[Try it]: Filter the entries below, keeping only lines with the word "Travel".

[Raw data]:
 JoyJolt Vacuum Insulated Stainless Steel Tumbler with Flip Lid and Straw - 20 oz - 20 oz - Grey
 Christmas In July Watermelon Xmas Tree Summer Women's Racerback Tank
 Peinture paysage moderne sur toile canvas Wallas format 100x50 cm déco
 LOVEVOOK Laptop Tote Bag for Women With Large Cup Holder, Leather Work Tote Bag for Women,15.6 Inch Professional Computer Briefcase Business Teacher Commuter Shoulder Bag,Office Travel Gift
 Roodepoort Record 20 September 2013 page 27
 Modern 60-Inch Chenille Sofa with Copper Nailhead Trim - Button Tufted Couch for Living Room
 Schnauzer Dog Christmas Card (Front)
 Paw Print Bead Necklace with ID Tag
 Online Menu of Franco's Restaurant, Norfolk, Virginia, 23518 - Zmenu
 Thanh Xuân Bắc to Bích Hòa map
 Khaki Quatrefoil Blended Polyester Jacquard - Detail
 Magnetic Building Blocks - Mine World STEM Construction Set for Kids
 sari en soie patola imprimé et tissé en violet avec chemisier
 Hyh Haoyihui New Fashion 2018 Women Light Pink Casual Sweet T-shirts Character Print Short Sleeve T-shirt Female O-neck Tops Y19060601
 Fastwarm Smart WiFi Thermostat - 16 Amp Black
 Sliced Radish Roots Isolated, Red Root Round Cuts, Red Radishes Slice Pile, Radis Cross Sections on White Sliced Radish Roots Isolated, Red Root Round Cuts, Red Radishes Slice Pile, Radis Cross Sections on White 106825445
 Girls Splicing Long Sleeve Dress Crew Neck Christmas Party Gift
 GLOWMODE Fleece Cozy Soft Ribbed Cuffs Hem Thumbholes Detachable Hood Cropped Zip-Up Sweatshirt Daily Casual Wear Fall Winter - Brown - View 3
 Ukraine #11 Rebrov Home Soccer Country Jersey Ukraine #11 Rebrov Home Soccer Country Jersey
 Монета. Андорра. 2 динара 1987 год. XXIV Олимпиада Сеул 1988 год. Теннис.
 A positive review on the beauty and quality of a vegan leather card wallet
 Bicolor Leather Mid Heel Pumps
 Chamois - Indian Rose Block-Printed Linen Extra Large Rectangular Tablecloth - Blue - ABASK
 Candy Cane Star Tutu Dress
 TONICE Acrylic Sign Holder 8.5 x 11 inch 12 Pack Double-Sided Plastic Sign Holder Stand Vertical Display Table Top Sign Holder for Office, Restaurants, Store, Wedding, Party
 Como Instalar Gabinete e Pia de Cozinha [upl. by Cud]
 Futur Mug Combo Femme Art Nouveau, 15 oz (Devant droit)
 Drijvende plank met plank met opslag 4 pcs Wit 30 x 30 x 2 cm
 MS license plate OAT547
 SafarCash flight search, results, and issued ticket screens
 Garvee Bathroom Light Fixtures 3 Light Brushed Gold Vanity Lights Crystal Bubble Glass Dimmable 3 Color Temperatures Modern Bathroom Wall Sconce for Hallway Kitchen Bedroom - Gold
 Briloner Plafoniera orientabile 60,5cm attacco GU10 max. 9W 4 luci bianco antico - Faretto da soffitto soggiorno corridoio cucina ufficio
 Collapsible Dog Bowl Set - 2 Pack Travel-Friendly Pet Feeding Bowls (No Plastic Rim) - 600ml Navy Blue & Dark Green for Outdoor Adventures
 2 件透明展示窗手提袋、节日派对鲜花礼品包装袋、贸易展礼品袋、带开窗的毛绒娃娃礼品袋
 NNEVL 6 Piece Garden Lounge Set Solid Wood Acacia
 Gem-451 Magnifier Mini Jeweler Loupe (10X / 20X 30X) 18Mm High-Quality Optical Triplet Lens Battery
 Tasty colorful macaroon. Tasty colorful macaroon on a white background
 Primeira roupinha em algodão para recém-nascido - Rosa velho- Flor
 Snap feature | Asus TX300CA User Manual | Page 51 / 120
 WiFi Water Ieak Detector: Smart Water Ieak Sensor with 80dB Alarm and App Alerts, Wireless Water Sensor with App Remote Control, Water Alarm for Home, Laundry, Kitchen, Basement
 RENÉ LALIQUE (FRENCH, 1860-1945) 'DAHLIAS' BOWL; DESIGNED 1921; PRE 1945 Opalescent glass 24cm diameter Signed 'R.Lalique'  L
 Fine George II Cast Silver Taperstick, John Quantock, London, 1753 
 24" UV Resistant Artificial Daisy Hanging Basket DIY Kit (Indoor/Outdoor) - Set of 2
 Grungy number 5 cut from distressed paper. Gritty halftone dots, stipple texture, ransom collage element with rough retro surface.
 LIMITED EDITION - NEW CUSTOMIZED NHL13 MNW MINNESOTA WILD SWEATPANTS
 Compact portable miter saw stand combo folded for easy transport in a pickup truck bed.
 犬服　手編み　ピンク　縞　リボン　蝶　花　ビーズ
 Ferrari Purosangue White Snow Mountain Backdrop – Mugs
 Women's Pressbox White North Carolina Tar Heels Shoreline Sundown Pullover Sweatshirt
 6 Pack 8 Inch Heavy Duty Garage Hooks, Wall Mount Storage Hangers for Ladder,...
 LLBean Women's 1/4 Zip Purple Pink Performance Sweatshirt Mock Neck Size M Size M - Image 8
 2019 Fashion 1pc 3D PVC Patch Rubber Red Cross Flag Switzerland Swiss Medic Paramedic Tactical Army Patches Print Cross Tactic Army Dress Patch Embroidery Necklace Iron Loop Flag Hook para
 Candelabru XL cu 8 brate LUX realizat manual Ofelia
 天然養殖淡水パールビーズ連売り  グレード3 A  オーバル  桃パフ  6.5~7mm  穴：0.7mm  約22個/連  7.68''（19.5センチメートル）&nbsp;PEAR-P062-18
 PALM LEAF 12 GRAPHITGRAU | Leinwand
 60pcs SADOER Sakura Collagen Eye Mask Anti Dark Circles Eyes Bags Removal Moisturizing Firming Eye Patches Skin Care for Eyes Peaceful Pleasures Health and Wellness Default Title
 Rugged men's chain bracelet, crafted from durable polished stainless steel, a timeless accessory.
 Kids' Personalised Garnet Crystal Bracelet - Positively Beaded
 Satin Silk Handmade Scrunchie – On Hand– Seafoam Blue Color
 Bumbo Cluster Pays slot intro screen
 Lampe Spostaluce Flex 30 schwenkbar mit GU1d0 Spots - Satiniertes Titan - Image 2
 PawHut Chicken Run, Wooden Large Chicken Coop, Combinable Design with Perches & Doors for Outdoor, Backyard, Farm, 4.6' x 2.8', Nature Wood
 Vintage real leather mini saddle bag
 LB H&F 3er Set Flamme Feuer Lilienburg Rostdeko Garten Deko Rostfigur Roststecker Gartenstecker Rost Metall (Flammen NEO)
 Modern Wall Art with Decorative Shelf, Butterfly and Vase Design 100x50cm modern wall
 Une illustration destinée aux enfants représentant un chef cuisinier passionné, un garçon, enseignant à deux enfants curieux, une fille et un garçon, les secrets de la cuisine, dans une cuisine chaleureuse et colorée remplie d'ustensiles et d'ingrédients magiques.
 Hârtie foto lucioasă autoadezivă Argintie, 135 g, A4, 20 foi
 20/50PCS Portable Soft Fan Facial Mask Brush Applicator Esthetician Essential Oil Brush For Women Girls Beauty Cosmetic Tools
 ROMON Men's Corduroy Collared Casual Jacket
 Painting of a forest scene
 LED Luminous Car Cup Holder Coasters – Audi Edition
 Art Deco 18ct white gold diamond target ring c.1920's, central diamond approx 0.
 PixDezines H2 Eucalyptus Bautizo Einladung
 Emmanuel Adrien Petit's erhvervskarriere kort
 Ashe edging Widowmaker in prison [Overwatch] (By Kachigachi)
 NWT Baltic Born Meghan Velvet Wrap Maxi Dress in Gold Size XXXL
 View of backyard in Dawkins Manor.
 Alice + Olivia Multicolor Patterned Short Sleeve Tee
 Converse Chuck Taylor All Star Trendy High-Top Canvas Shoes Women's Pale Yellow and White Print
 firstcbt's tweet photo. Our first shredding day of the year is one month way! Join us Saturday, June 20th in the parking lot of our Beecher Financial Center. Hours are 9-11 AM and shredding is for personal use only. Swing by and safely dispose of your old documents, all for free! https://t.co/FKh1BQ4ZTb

[Exercise output]:
 LOVEVOOK Laptop Tote Bag for Women With Large Cup Holder, Leather Work Tote Bag for Women,15.6 Inch Professional Computer Briefcase Business Teacher Commuter Shoulder Bag,Office Travel Gift
 Collapsible Dog Bowl Set - 2 Pack Travel-Friendly Pet Feeding Bowls (No Plastic Rim) - 600ml Navy Blue & Dark Green for Outdoor Adventures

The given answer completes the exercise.